| Directions for this task |
In the records below, find the line containing "US Army Bowl" and print it and every line after it exactly, through the end. Skip pictures.

[Image-text web data]
========================================

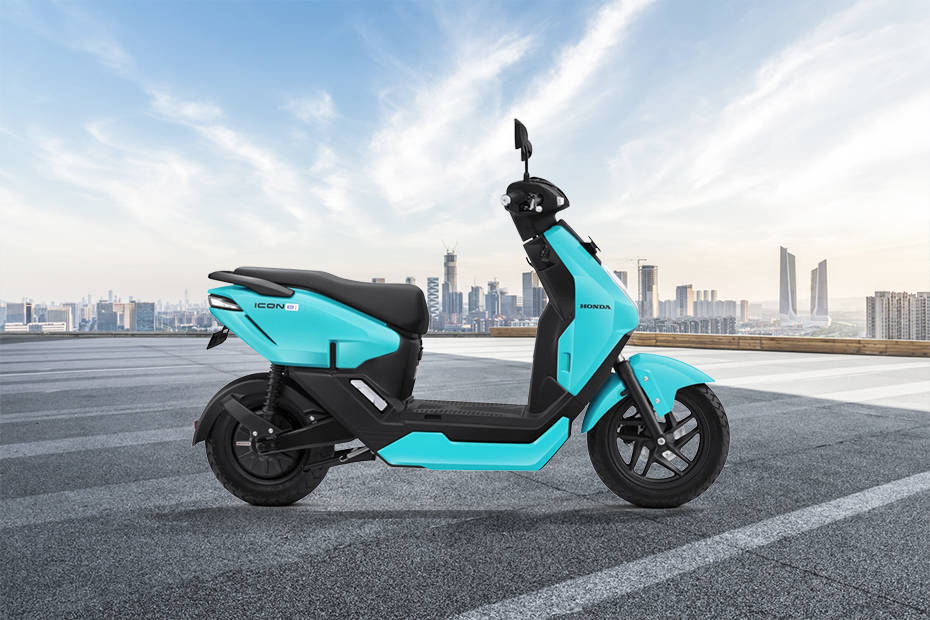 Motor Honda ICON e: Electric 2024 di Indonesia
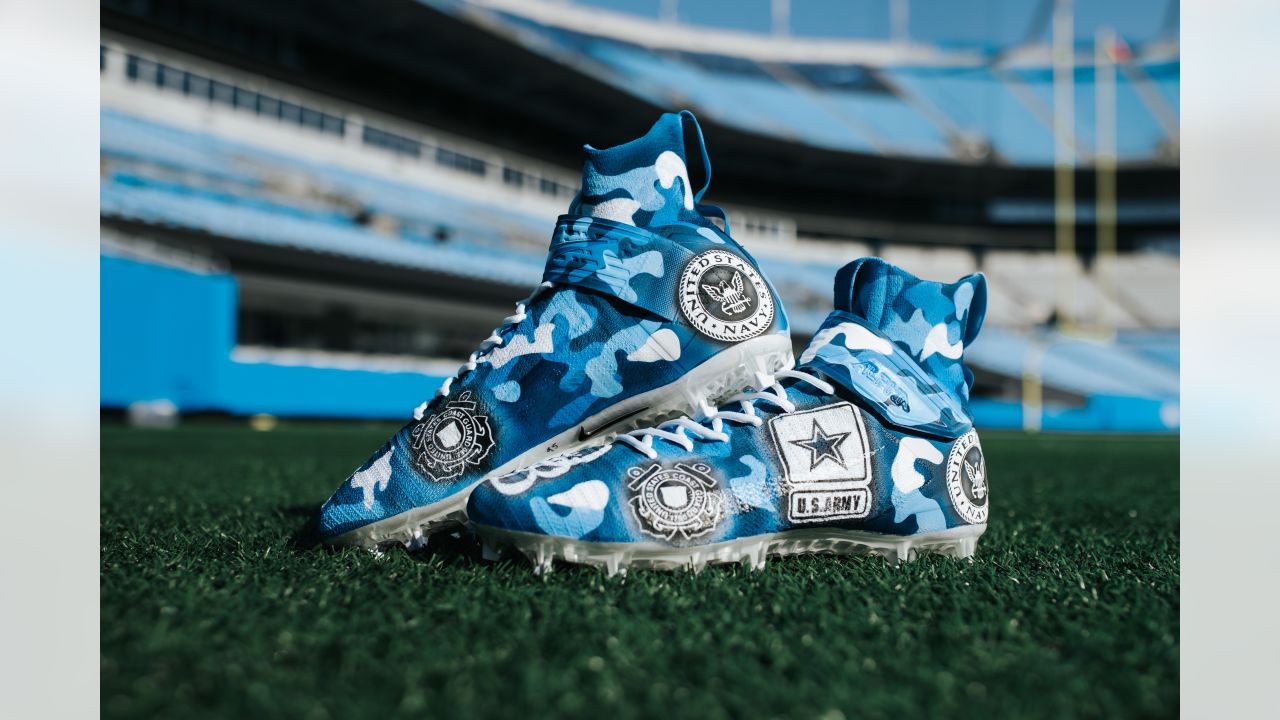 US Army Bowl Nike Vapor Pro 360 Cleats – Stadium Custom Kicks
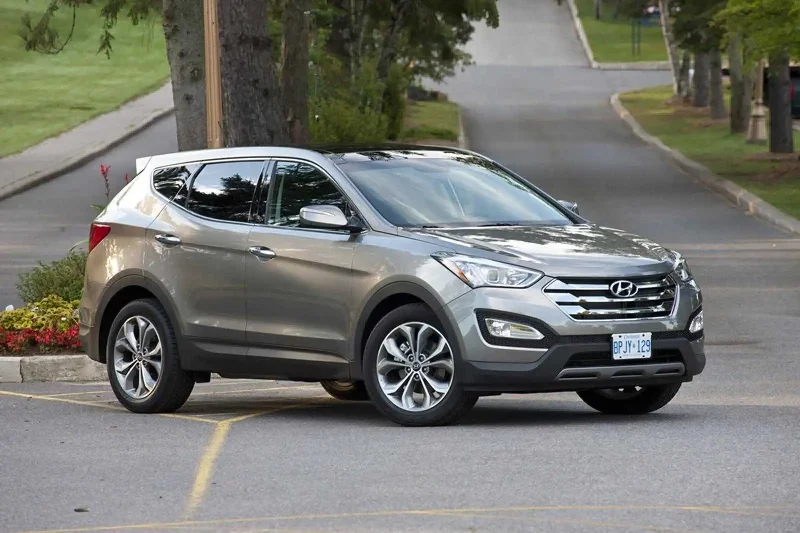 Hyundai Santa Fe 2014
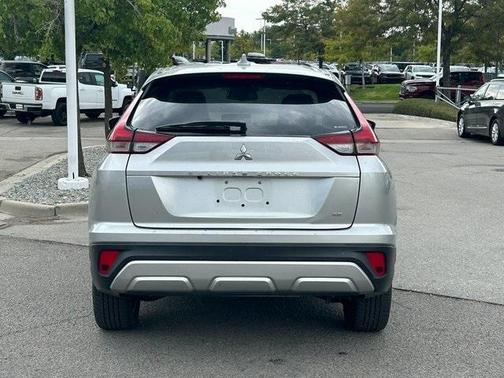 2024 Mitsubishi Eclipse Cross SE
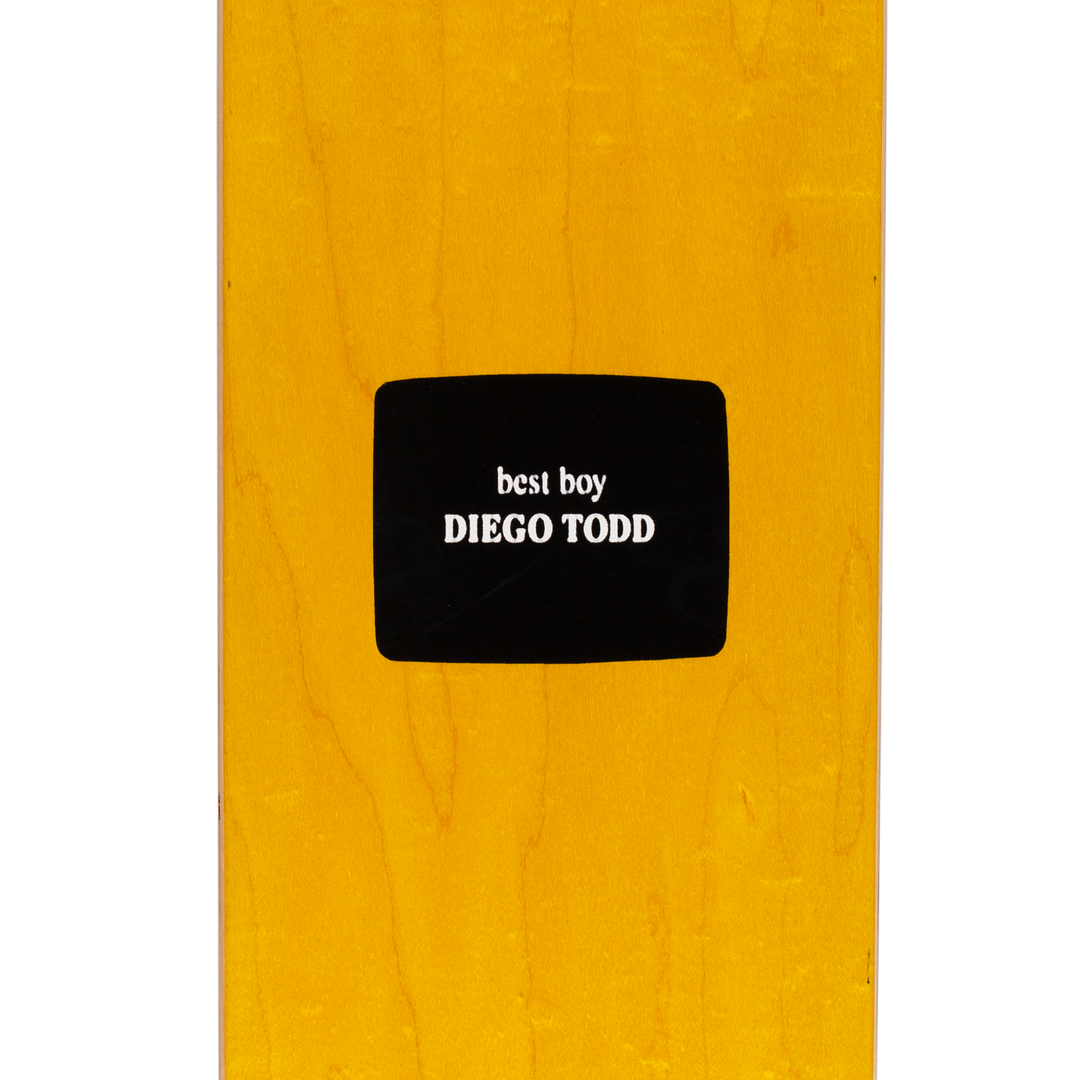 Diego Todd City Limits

========================================

| Solution to this exercise |
 US Army Bowl Nike Vapor Pro 360 Cleats – Stadium Custom Kicks
 Hyundai Santa Fe 2014
 2024 Mitsubishi Eclipse Cross SE
 Diego Todd City Limits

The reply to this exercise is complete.